Pictures do not belong in the copy; quote every entry below exactly.

**Data items**
++++
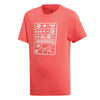Adidas Boys Graphic Tee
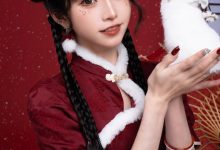 绮太郎_Kitaro -  2023新春 [23P-271MB]-套图岛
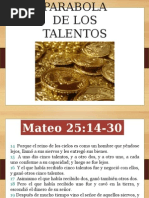 No Escondas Tu Talento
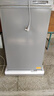 美的（Midea）100升小冰柜家用冷藏冷冻两用一级节能-30度速冻茶叶保鲜柜小型冷柜冰箱BD/BC-100KMF(E)国家补贴 实拍图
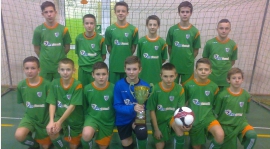 U-14: 4. miejsce Polonii na  Junior Cup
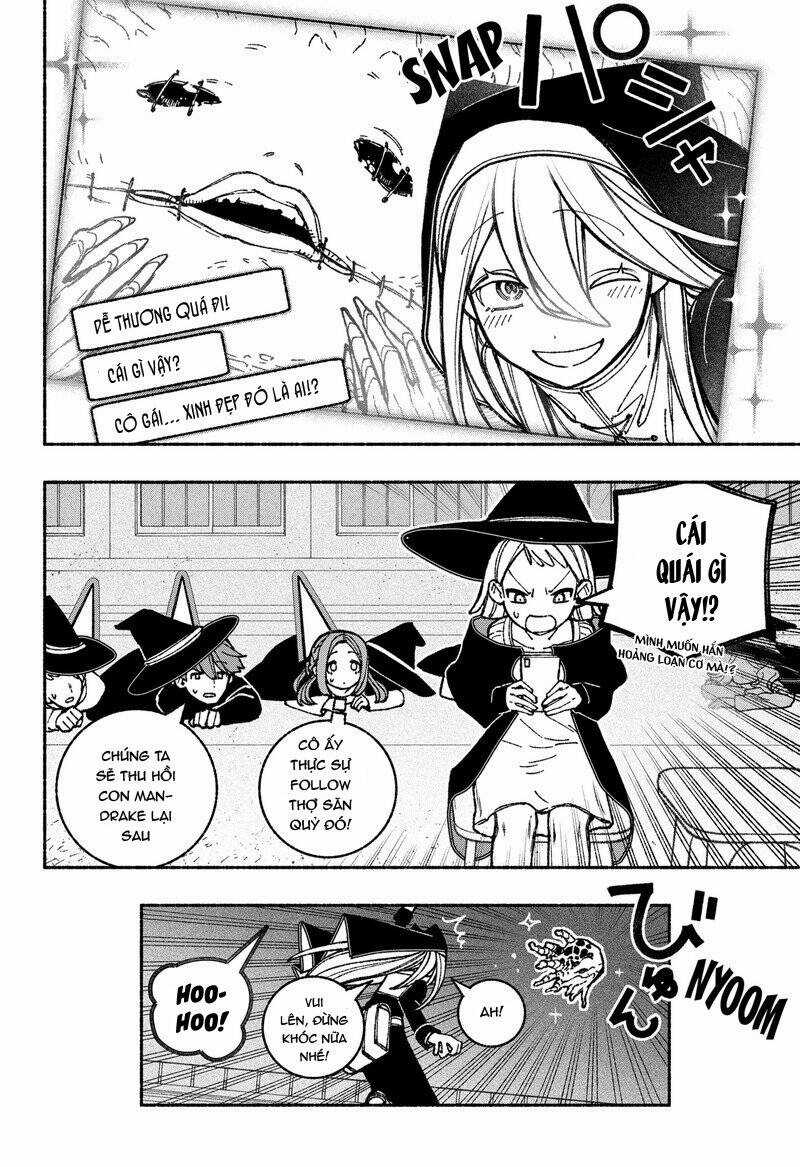 Make The Exorcist Fall In Love - Chapter 45 - Trang 13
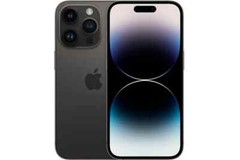 Apple iPhone 14 Pro A2650 AT&T Only 512GB Space Black Good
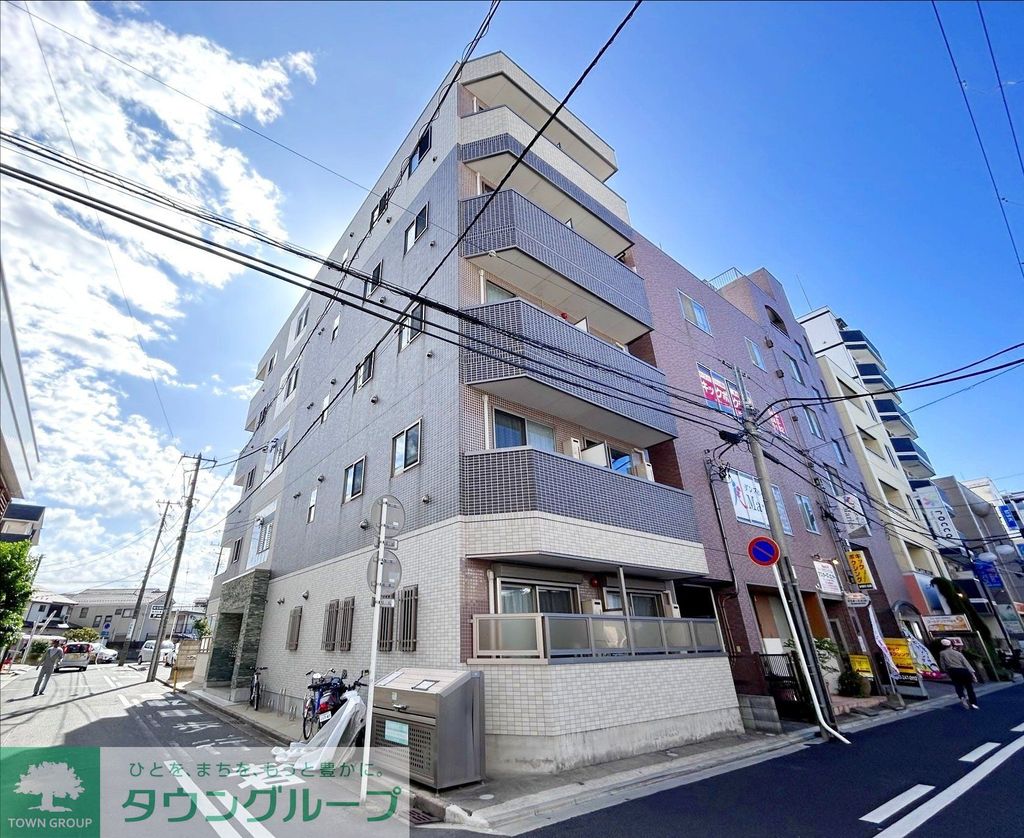 建物外観　お問合せはタウンハウジングまで！※現地待合わせ相談可能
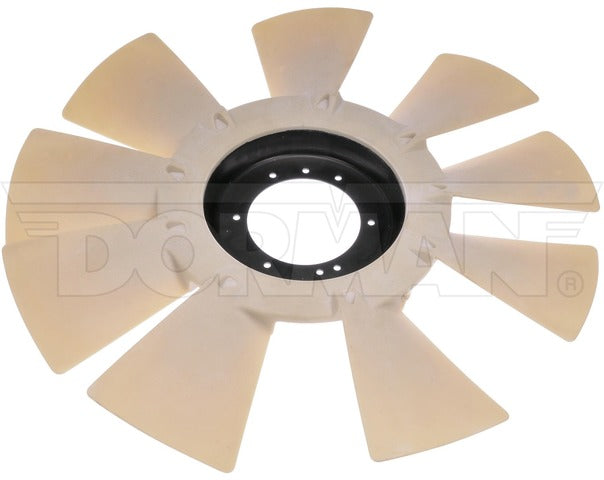 Dorman - OE Solutions Aleta de Ventilador de Motor P/N:620-166 Fits: Ford F-250 Super Duty 10-08, Ford F-350 Super Duty 10-08, Ford F-450 Super Duty 10-08, Ford F-550 Super Duty 10-08 - Image 1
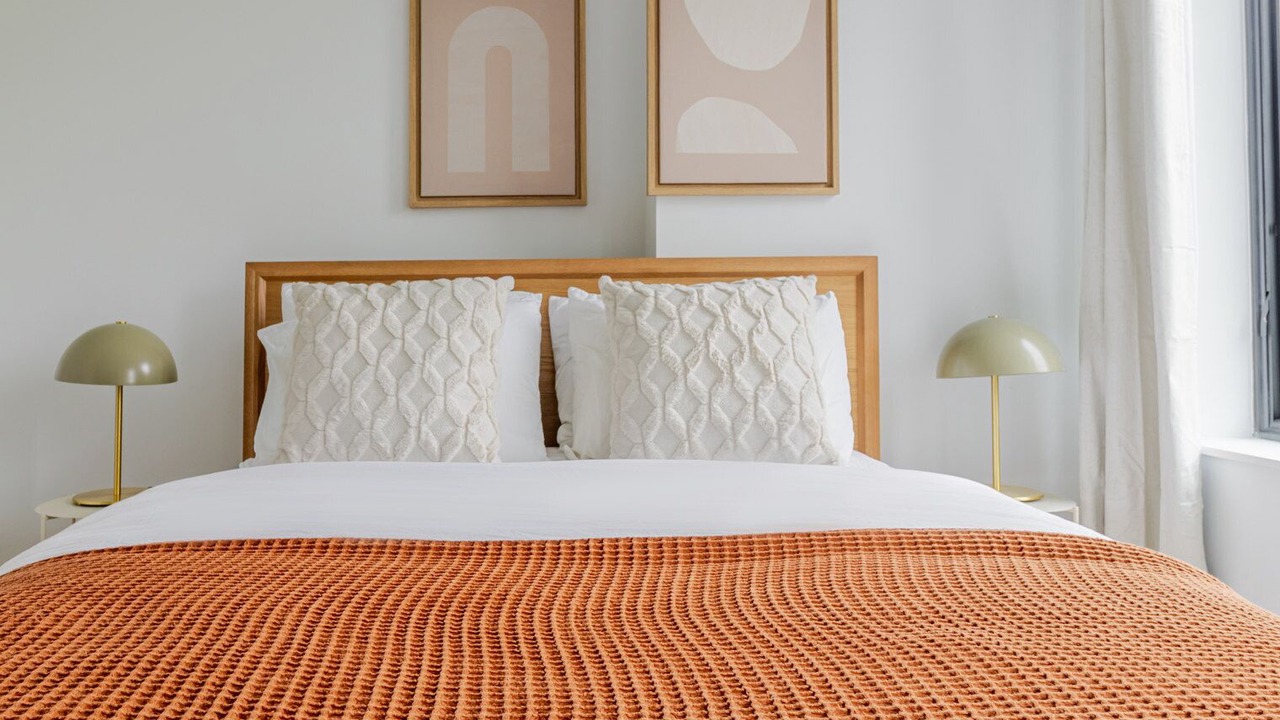 Photo of Bedroom in Williamsburg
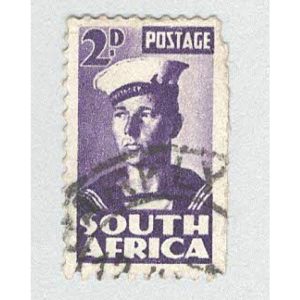 South Africa 93a Sailor Used 3 (BP95542)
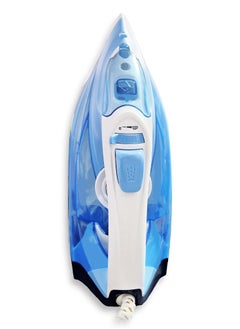 JAMAKY Italy Professional Portable Steam Iron 2800W , JMK1012 with Powerful and High Quality Italian Technology Ceramic Plate for Handheld Garment Steamer  - Image 2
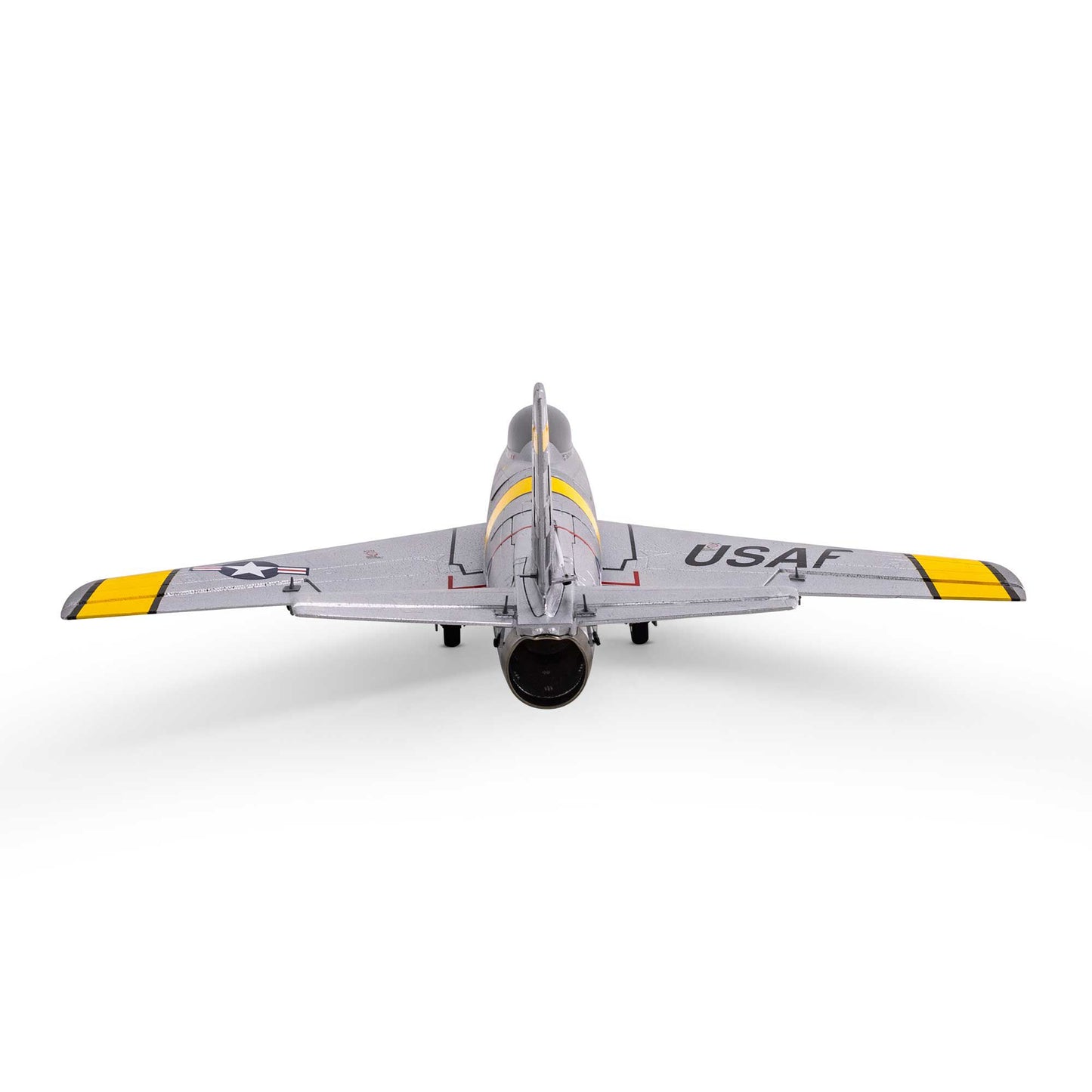 UMX F-86 Sabre 30mm EDF BNF Basic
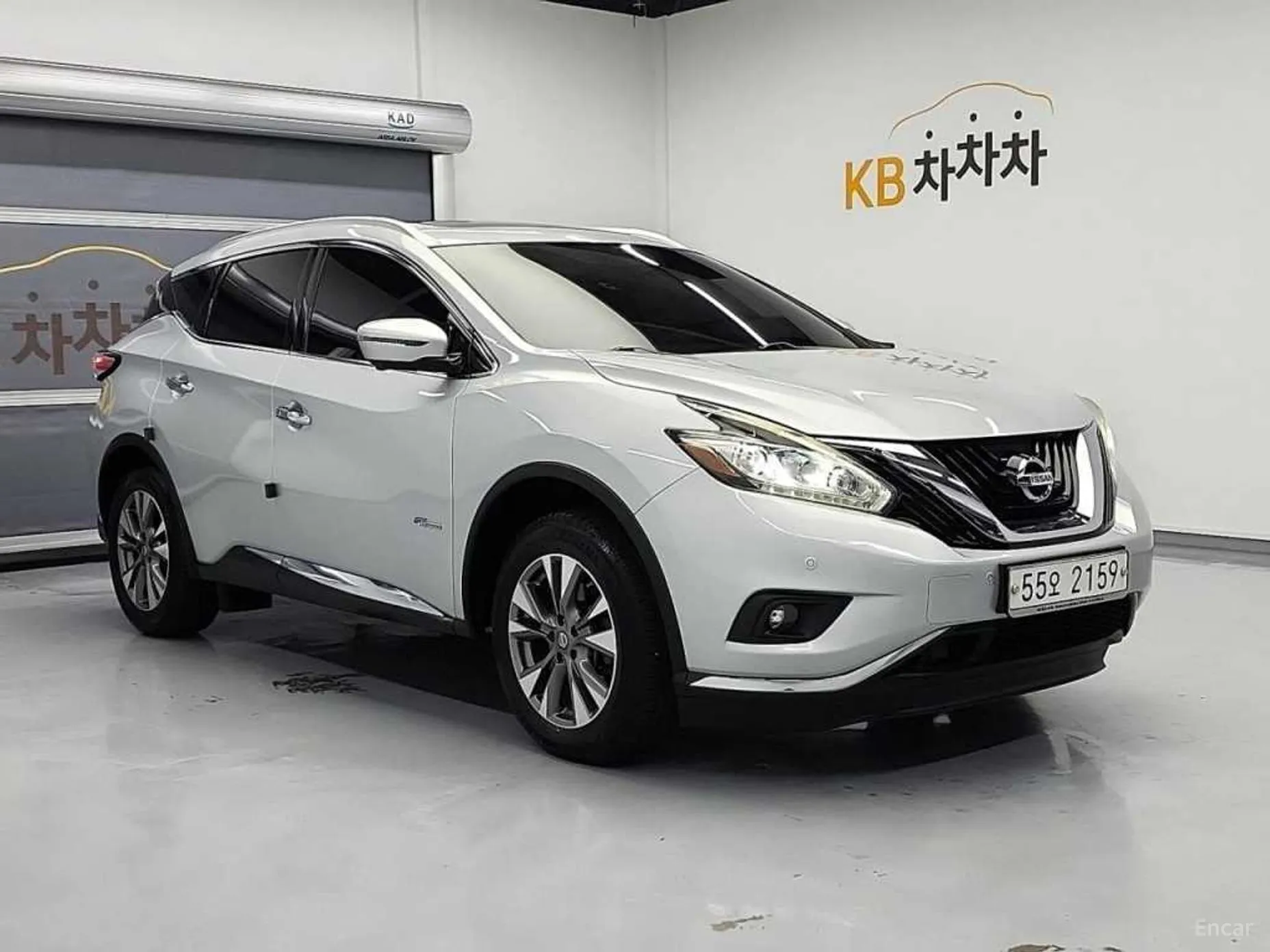 Nissan Murano (Z52) превью 7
++++
**Exercise result**
Adidas Boys Graphic Tee
 绮太郎_Kitaro -  2023新春 [23P-271MB]-套图岛
 No Escondas Tu Talento
 美的（Midea）100升小冰柜家用冷藏冷冻两用一级节能-30度速冻茶叶保鲜柜小型冷柜冰箱BD/BC-100KMF(E)国家补贴 实拍图
 U-14: 4. miejsce Polonii na  Junior Cup
 Make The Exorcist Fall In Love - Chapter 45 - Trang 13
 Apple iPhone 14 Pro A2650 AT&T Only 512GB Space Black Good
 建物外観　お問合せはタウンハウジングまで！※現地待合わせ相談可能
 Dorman - OE Solutions Aleta de Ventilador de Motor P/N:620-166 Fits: Ford F-250 Super Duty 10-08, Ford F-350 Super Duty 10-08, Ford F-450 Super Duty 10-08, Ford F-550 Super Duty 10-08 - Image 1
 Photo of Bedroom in Williamsburg
 South Africa 93a Sailor Used 3 (BP95542)
 JAMAKY Italy Professional Portable Steam Iron 2800W , JMK1012 with Powerful and High Quality Italian Technology Ceramic Plate for Handheld Garment Steamer  - Image 2
 UMX F-86 Sabre 30mm EDF BNF Basic
 Nissan Murano (Z52) превью 7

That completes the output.